Reproduce, word for word, the lines in the material below starting with the one that has "Traueranzeige Simon Winbürger" and going on through the one that has "Model 9x14 - Premium". Leave out all pictures.

**The records:**
▽

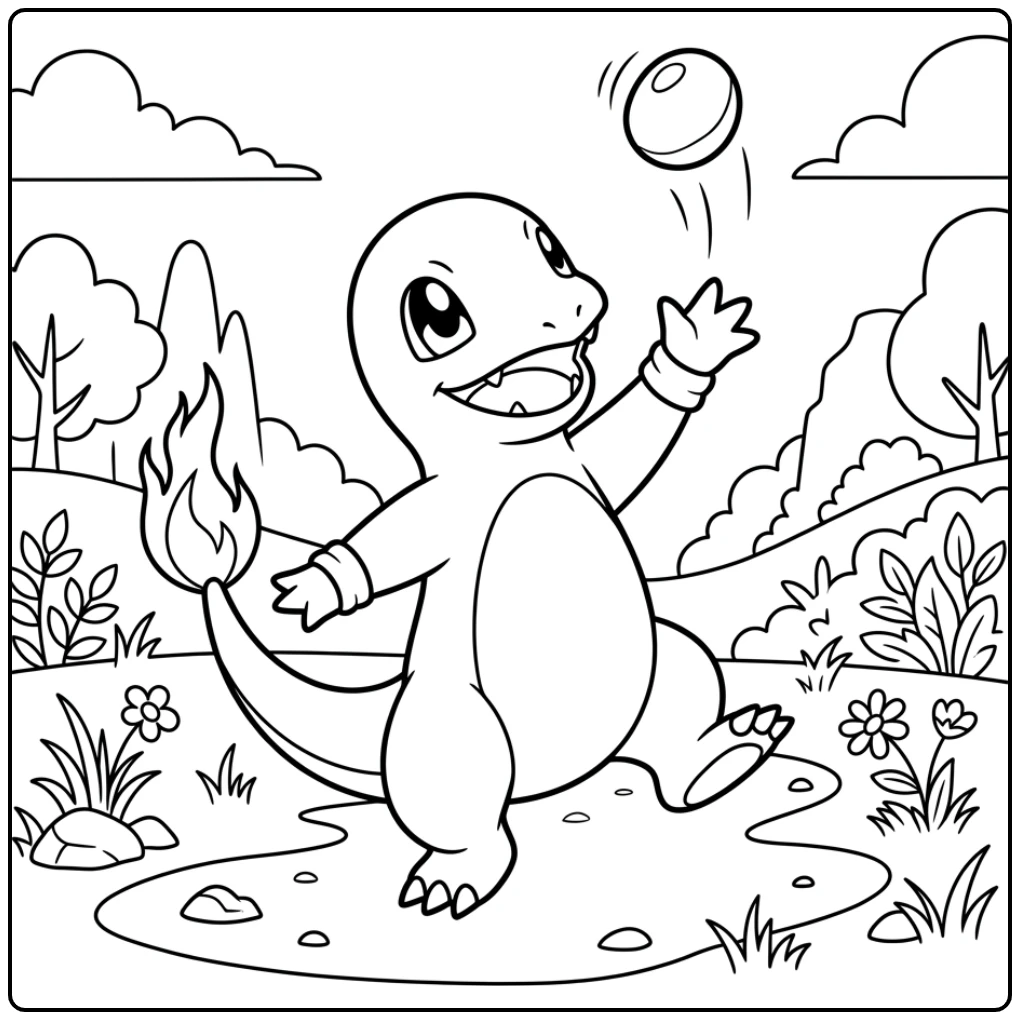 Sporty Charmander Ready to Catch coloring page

△
▽

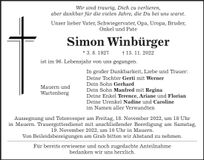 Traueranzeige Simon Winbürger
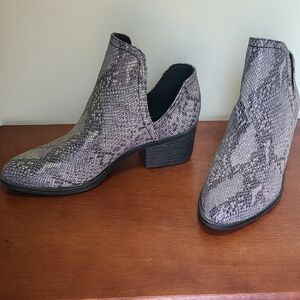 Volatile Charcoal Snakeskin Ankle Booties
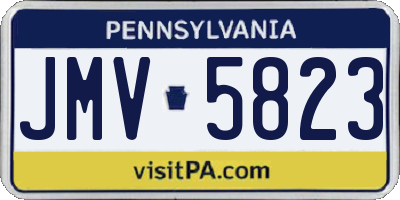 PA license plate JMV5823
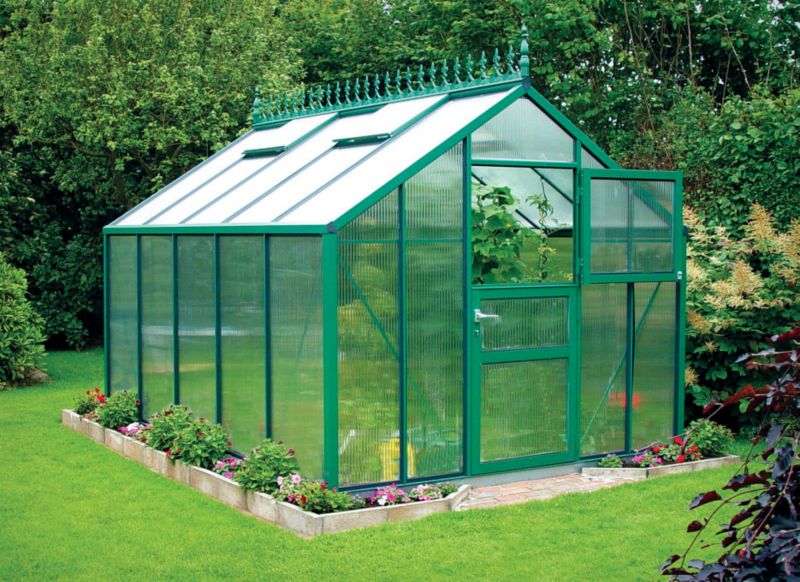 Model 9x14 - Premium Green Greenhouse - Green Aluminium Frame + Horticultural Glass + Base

△
▽

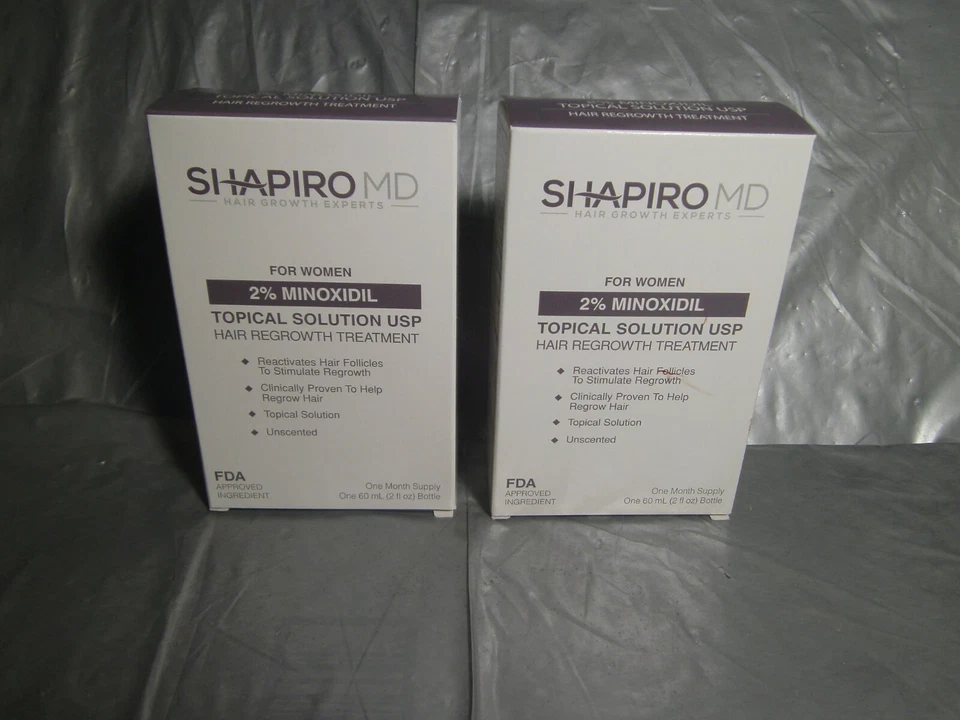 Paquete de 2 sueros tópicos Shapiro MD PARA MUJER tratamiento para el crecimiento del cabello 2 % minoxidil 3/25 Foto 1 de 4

△

**Finished task:**
 Traueranzeige Simon Winbürger
 Volatile Charcoal Snakeskin Ankle Booties
 PA license plate JMV5823
 Model 9x14 - Premium Green Greenhouse - Green Aluminium Frame + Horticultural Glass + Base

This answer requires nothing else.